Qui, parmi les artistes et acteurs culturels, osera répondre crânement : " On s'en moque ! " ?

Qui dénoncera ce glissement sémantique qui a vu  " l'ingénierie culturelle "

transformer les artistes en  agents du développement économique local et en

joyeux ornements de la prospérité touristique !

 

On ne peut qu'admirer le zèle avec lequel les multiples formatages des " managers culturels " ont devancé les classifications de l'OMC, pour laquelle

la culture a tout simplement disparu corps et biens, bibliothèques, musées,

théâtres et cinéma ne relevant plus que du " tourisme " et du " récréatif ".

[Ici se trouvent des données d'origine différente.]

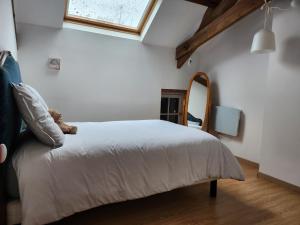 Posteľ alebo postele v izbe v ubytovaní Maison chaleureuse et familiale.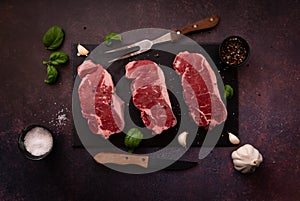 Raw striploin steaks on a black slate board with seasoning and herbs.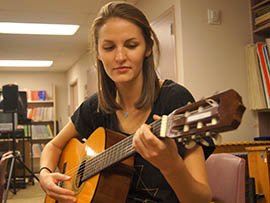 Anna Philipe, a senior in ASU's music program, practices a song on the guitar.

Le chœur des pleureuses sur les " retombées dramatiques " de l'annulation

des festivals montre avec quelle longueur d'avance les élus de tous bords

ont intériorisé ces catégories. Le populiste Georges Frêche n'ayant rien

à envier à cet égard à la très droitière maire d'Avignon.

 

Oserons-nous nous exposer aux ricanements gras des dircoms en rappelant que

le geste artistique est d'abord porteur de sens dans la communauté ? Que

l'utilité de l'art est celle de l'inutile et qu'il reste une zone de

gratuité à préserver dans la société marchande ?

 

Merci aux intermittents de mettre le feu aux poudres, après l'asphyxie du

mouvement social sur les retraites. Merci à ceux qui prennent le risque -

qu'ils risquent de payer démesurément - d' aller jusqu'au bout, de révéler à

une société l'inanité de ses priorités et de ses calculs à courte vue. Merci

à ceux qui ne cèdent pas au chantage consensuel de leurs employeurs

opportunistes et qui s'obstinent à revendiquer le sens de leur place dans la

société, hors de toutes " retombées économiques ".